The nonlinear least-squares problem has the general form
$$\min \{ r(x) : x \in \mathbb{R}^n \}$$
where \(r \,\) is the function defined by \(r(x) = \frac{1}{2}\| f(x) \|_2^2\) for some vector-valued function \(f\) that maps \(\mathbb{R}^n \) to \(\mathbb{R}^m \).
Least-squares problems often arise in data-fitting applications. Suppose that some physical or economic process is modeled by a nonlinear function \(\phi \,\) that depends on a parameter vector \(x \) and time \(t \). If \(b_i \) is the actual output of the system at time \(t_i \), then the residual
$$\phi(x,t_i) – b_i \, \,$$
measures the discrepancy between the predicted and observed outputs of the system at time \(t_i \). A reasonable estimate for the parameter \(x\) may be obtained by defining the \(i\)th component of \(f \) by
$$f_i(x) = \phi(x,t_i) – b_i \,$$
and solving the least-squares problem with this definition of \(f \).

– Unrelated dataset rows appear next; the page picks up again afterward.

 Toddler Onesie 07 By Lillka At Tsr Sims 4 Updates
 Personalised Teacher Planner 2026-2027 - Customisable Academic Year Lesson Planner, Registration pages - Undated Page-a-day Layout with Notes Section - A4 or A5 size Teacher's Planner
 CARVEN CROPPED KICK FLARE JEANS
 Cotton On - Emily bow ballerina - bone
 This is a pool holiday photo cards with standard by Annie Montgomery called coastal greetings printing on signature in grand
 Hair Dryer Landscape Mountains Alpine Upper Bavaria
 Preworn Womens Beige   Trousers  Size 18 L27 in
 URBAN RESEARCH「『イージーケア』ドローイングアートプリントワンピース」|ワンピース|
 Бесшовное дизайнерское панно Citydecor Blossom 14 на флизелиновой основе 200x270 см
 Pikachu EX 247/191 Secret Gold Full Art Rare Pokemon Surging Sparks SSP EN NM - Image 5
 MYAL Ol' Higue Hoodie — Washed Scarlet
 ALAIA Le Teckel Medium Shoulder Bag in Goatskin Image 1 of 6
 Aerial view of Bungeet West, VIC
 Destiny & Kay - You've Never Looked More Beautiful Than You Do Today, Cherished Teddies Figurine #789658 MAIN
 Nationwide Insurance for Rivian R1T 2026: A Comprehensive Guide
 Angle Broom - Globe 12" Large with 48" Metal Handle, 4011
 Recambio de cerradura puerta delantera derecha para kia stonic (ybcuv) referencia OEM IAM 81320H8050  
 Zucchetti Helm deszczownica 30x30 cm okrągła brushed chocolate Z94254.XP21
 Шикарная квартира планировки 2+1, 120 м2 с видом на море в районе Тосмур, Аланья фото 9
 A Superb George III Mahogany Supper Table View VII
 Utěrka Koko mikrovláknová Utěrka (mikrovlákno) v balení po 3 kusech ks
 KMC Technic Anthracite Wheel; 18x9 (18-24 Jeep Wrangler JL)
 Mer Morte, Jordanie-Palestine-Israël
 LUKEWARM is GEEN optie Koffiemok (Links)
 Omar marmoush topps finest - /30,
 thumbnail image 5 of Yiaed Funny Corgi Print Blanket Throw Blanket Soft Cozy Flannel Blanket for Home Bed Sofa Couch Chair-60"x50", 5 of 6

From an algorithmic point of view, the feature that distinguishes least-squares problems from the general unconstrained optimization problem is the structure of the Hessian matrix of \(r \). The Jacobian matrix of \(f \),
$$f'(x) = \left( \partial_1 f(x), \ldots, \partial_n f(x) \right)$$
can be used to express the gradient of \(r \,\) since \(\nabla r(x) = f'(x)^T f(x)\). Similarly, \(f'(x) \) is part of the Hessian matrix
$$\nabla^2 r(x) = f'(x)^T f'(x) + \sum_{i=1}^m f_i(x) \nabla^2 f_i(x).$$
To calculate the gradient of \(r \,\), we need to calculate the Jacobian matrix \(f'(x)\). Having done so, we know the first term in the Hessian matrix, namely \(f'(x)^Tf'(x) \,\) without doing any further evaluations. Nonlinear least-squares algorithms exploit this structure.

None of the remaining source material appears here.